Со временем Ольга даже обросла небольшим багажом.
Большую часть времени она спокойно лежала на своей полке, иногда брала книжки у попутчицы, которой они оказались не нужны – та все-таки нашла себе собеседников. Думала, размышляла, приходила в себя.
Все есть – так как есть, и ничего уже не вернуть, у каждого свой путь, который он выбирает сам, об этом ей, наверно, хотел сказать лосенок?
Волынский сам решил, что будет помогать ей, и сколько бы она ни сокрушалась по поводу его смерти, она обязана уважать его выбор. Профессор хотел сделать именно так. Может, он оправдывался перед собой за что-то. Тяжело ему приходилось, не в ладах он был со своей душой…
А она обязана не тратить время на бесполезные сожаления, а прожить остаток жизни так, как будто только теперь начинает жить – только так она сможет загладить вину перед бедным Фимой.
«Любе я ничего не скажу, коли придется еще когда свидеться, – подумала она, – может, это и не очень правильно, но так лучше. Не надо ей знать про наши дела. Пусть думает, что это было случайное нападение. Фиму просто хотели ограбить. Вряд ли ей скажут, что я сбежала из клиники. Да и мало кого это сейчас волнует…»
За окном сменяли друг друга леса, луга и холмы, мелькали реки, и снова лес – хвойный, лиственный, смешанный…
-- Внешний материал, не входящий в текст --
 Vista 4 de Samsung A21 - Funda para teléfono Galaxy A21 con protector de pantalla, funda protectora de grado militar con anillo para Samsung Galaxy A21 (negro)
Ольга постоянно смотрела на бумажку с адресом Пети, которую ей дал Серафим Иванович… Эти три строчки теперь составляли основу ее существования. Она вспоминала и перебирала в памяти слова Серафима Ивановича о теперешней жизни мужа и дочери – он рассказал ей за несколько дней перед побегом то немногое, что знал сам. Последний раз она видела их двенадцать лет назад… Ольга закрывала глаза, в ее голове начинал звучать размеренный голос Волынского, а она представляла – как они могут выглядеть теперь, после стольких лет разлуки…
А Люба в этот момент сидела на скамейке в парке и беспомощно смотрела на человека в штатском. Впрочем, она его почти не видела – глаза распухли от неутешных слез и превратились в маленькие щелочки.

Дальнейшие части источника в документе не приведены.